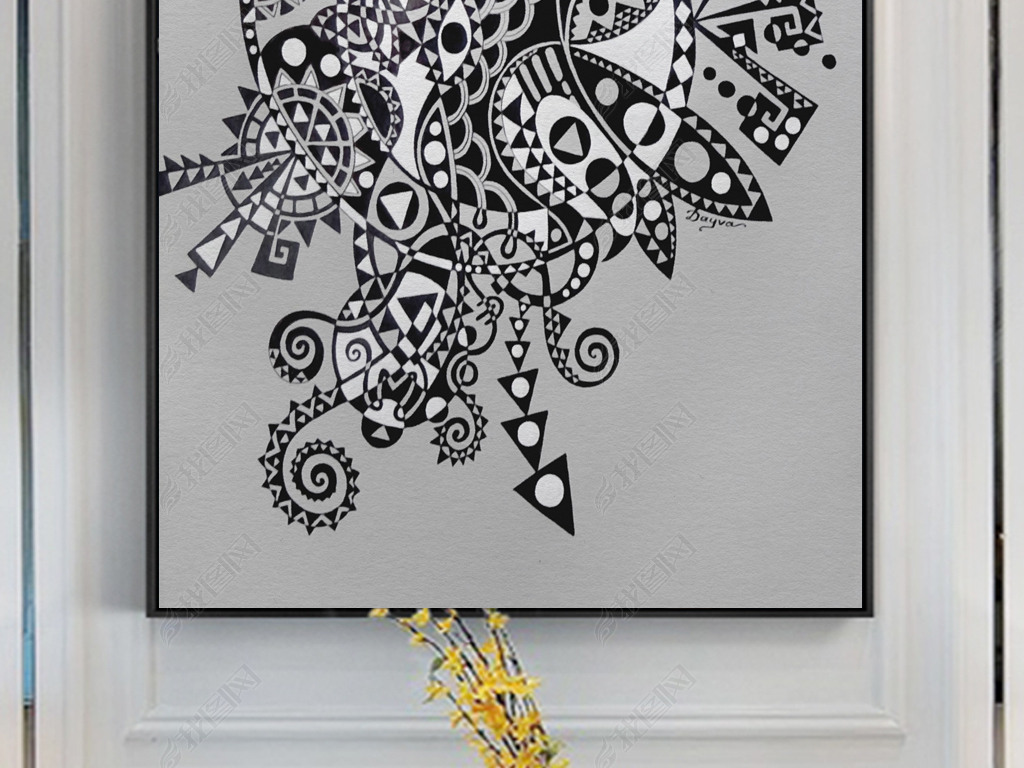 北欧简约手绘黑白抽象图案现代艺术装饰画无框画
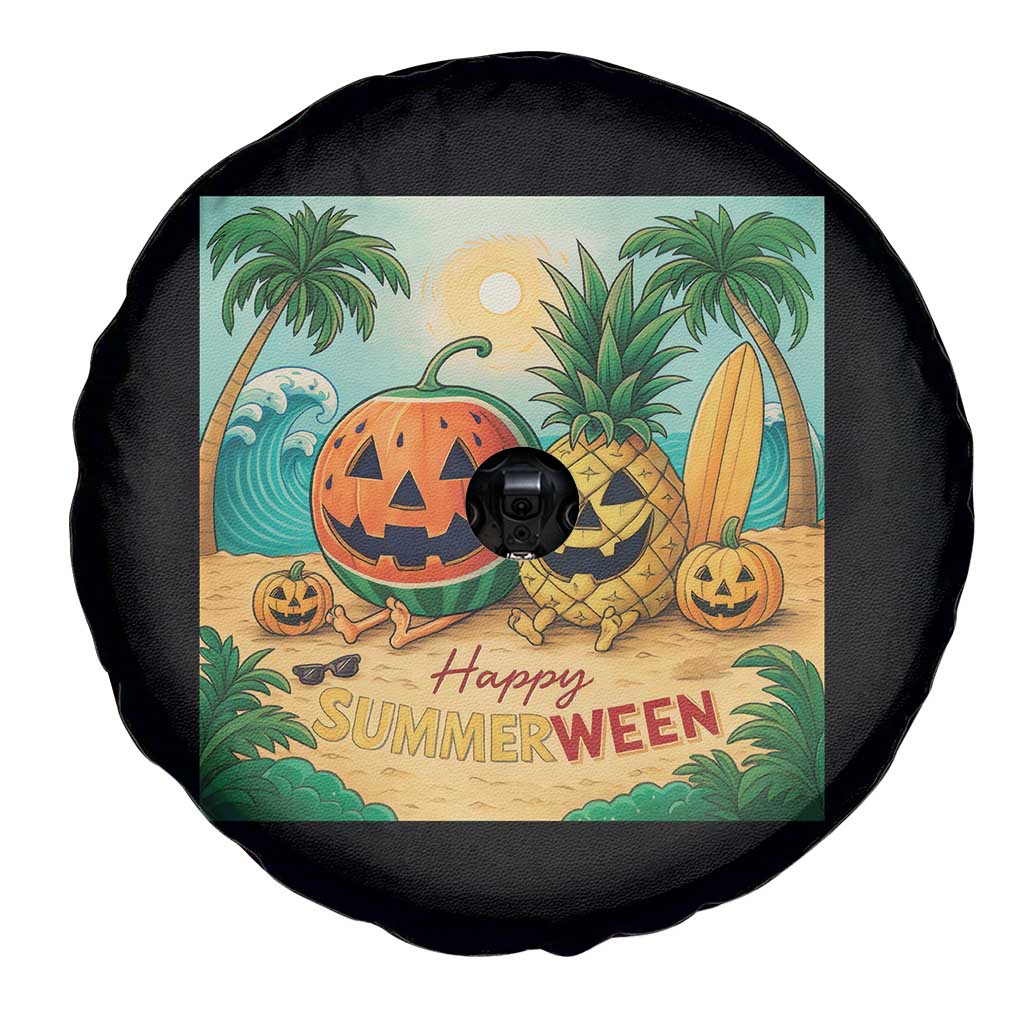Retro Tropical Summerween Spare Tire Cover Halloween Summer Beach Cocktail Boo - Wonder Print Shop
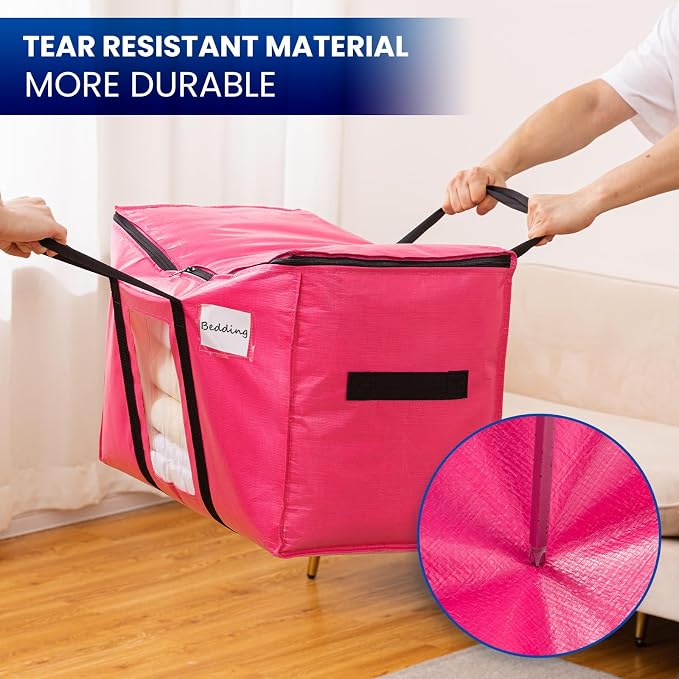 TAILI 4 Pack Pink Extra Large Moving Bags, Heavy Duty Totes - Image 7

______

- **AIM OF THE TASK**
Would you please retype all the data exactly? Leave out whatever pictures it holds.

- **WRITTEN ANSWER**
 北欧简约手绘黑白抽象图案现代艺术装饰画无框画
Retro Tropical Summerween Spare Tire Cover Halloween Summer Beach Cocktail Boo - Wonder Print Shop
 TAILI 4 Pack Pink Extra Large Moving Bags, Heavy Duty Totes - Image 7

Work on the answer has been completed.